Eran como las tres y media cuando se sintió un ligero temblor que la mayoría de la gente apenas si percibió. Luego, como a los cinco minutos se vino un segundo remeneón, esta vez mucho más fuerte. La gente se lanzó a las calles como en estampida y las casas más viejas y destartaladas se vinieron abajo como endebles castillos de arena al embestirlos la brisa. Casi inmediatamente sucedió un tercer estremecimiento que no paró hasta que hubo caído la última casa del poblado. Inexplicablemente, sólo la iglesia se mantuvo en pie. Después se supo que era la edificación más resistente del lugar, construida varios años atrás por un cura ingeniero enviado para tal fin desde la capital. La gente corría calle arriba como enloquecida hacia las afueras del pueblo. Entre los escombros de las casas y edificios quedaban decenas de muertos y heridos. El mar se retiró de la playa varios kilómetros hacia adentro, dejando al descubierto miles de criaturas de las profundidades de sus entrañas que saltaban moribundas sobre la arena húmeda de lo que hasta hacía unos minutos había sido el inexpugnable fondo marino. Entonces, alguien gritó a todo pulmón: “¡Corran, salgan todos de prisa del pueblo que viene un maremotooooo !”.

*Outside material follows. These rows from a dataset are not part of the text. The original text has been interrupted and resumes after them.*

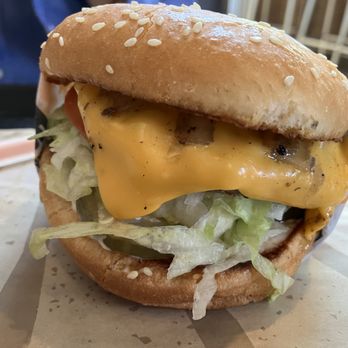 Habit Burger & Grill - Char Chesseburger - Burgers Near Me - Walnut Creek, California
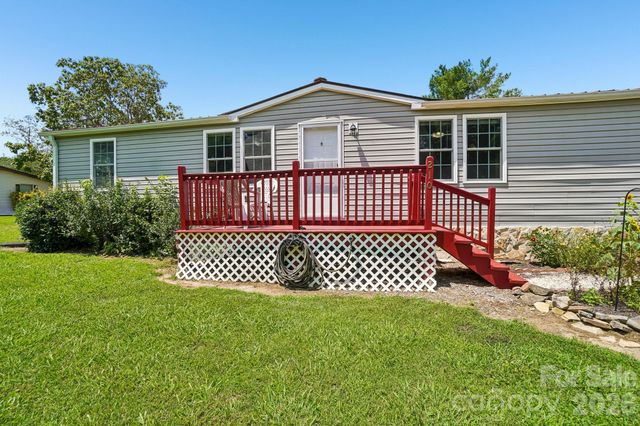 210 Leigh Anne Lane, Horse Shoe, NC 28742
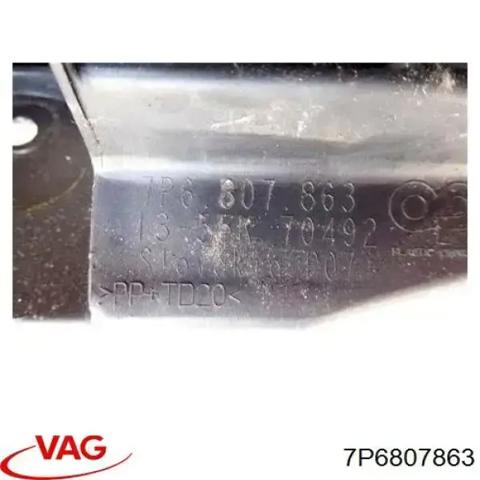 Кронштейн бампера заднього, центральний 7P6807863 VAG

El temblor fuerte había sorprendido a La Consoladora “consolando” a uno de sus clientes en un cuartucho de El Refugio de los Afligidos. Un grueso madero cayó de pronto del techo sobre la cabeza del infortunado que estaba encima de ella dejándolo inconsciente, en un prolongado éxtasis del que nunca mas consiguió retornar. Como pudo se liberó del pesado cuerpo del hombre y salió disparada hacia la puerta sin que tuviera tiempo para vestirse. Al salir se percató de que iba desnuda y sólo atinó a agarrar un cuadro de Cristo crucificado que colgaba en la pared al lado de la puerta. Se lo colocó en su parte más íntima y salió a la calle como alma que lleva el diablo, corriendo y gritando: “¡Aférrense al Señor!, ¡agárrense de él, agárrense de él!, señalando hacia abajo a la imagen de Cristo que suponía tapaba sus vergüenzas a pleno sol de media tarde. En su correr desesperado no se había dado cuenta de que el vidrio se había quebrado segundos atrás, probablemente con la vibración del temblor y que la imagen del Creador se había volado con el viento de su prisa y que del cuadro sólo quedaba el marco de madera. El cura, que marchaba a la cabeza de la multitud que buscaba escapar del maremoto que se acercaba endemoniado, se volvió al reconocer los gritos de la mujer y entonces la vio venir, como su madre la trajo al mundo y gritando: “¡Aférrense al Señor!, ¡agárrense de él, agárrense de él!”, mientras señalaba con el índice de su mano derecha hacia donde llevaba lo que quedaba del cuadro de Cristo crucificado. El Padre Remigio se detuvo de súbito y le gritó indignado: “¡Mujer perversa y degenerada, ni siquiera ante la ira del Señor dejas de profanar su nombre y de ofertar en público tus inmundicias!”. En eso, una gigantesca ola alcanzó a los últimos de la multitud que corría calle arriba, entre ellos, a La Consoladora, cuyo cuerpo fue arrastrado por las embravecidas aguas y nunca apareció.